WORK TO COMPLETE:
Only a slice of the listing below is wanted. Retype the lines from the one containing "西甲赛程重启豪门对决激烈上演精彩绝伦场面" through the one containing "武林外传双职业怎么弄[图1]", exactly, both ends included.

[INFORMATION — start]

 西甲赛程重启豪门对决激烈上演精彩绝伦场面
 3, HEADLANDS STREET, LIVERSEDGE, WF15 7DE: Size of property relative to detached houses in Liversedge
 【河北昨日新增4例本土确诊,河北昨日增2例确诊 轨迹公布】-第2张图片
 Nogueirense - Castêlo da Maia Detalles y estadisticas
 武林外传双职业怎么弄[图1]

[INFORMATION — finish]
[INFORMATION — start]

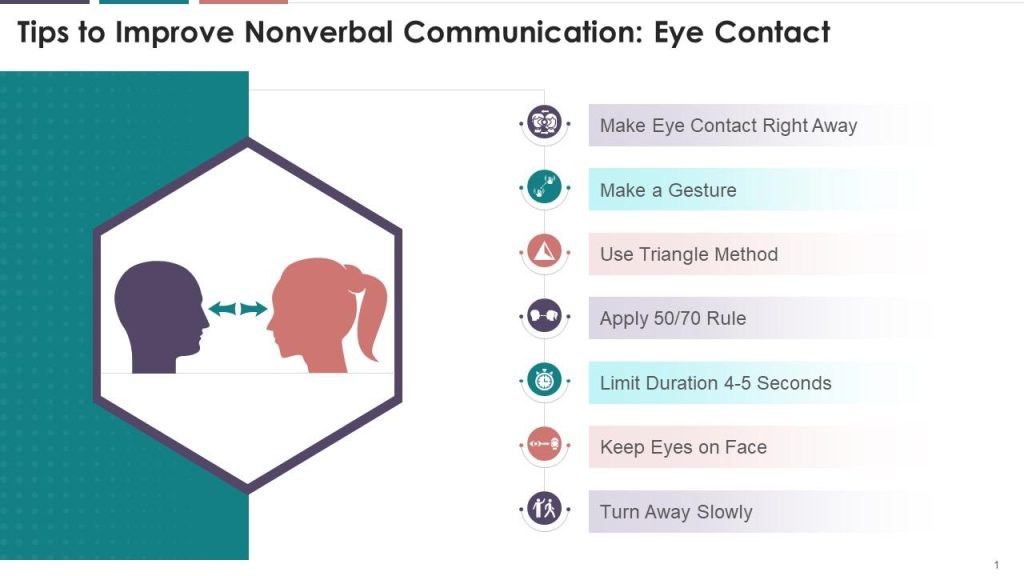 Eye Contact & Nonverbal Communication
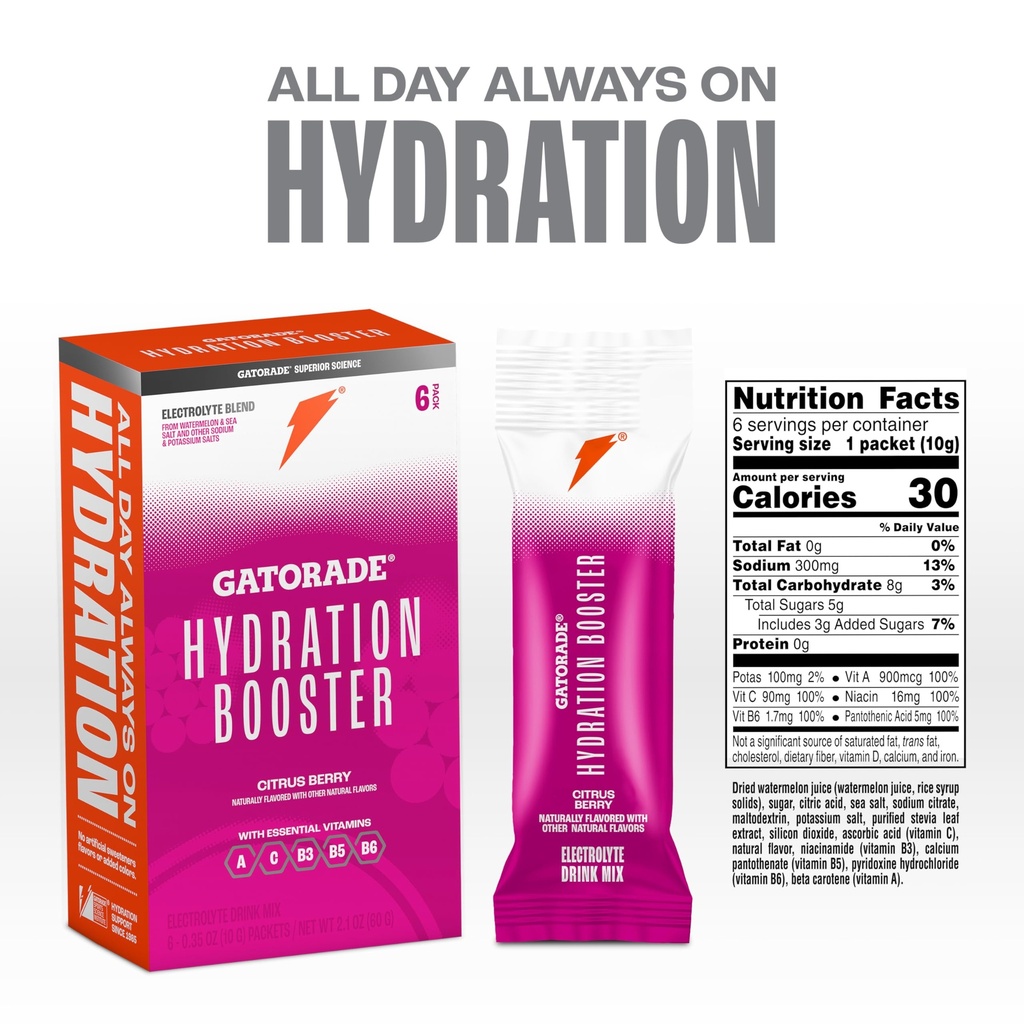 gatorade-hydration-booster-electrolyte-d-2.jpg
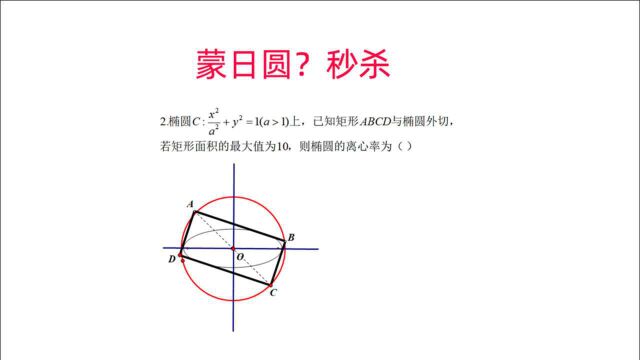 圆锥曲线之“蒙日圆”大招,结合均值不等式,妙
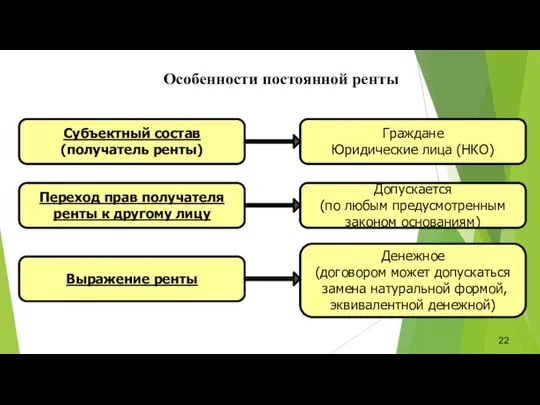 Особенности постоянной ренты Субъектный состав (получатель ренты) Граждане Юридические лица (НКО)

[INFORMATION — finish]
[INFORMATION — start]

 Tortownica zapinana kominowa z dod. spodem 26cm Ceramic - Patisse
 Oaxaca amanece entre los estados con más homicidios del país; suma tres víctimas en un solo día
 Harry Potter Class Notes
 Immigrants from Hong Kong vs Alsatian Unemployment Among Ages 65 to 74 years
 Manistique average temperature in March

[INFORMATION — finish]

EXERCISE RESULT:
 西甲赛程重启豪门对决激烈上演精彩绝伦场面
 3, HEADLANDS STREET, LIVERSEDGE, WF15 7DE: Size of property relative to detached houses in Liversedge
 【河北昨日新增4例本土确诊,河北昨日增2例确诊 轨迹公布】-第2张图片
 Nogueirense - Castêlo da Maia Detalles y estadisticas
 武林外传双职业怎么弄[图1]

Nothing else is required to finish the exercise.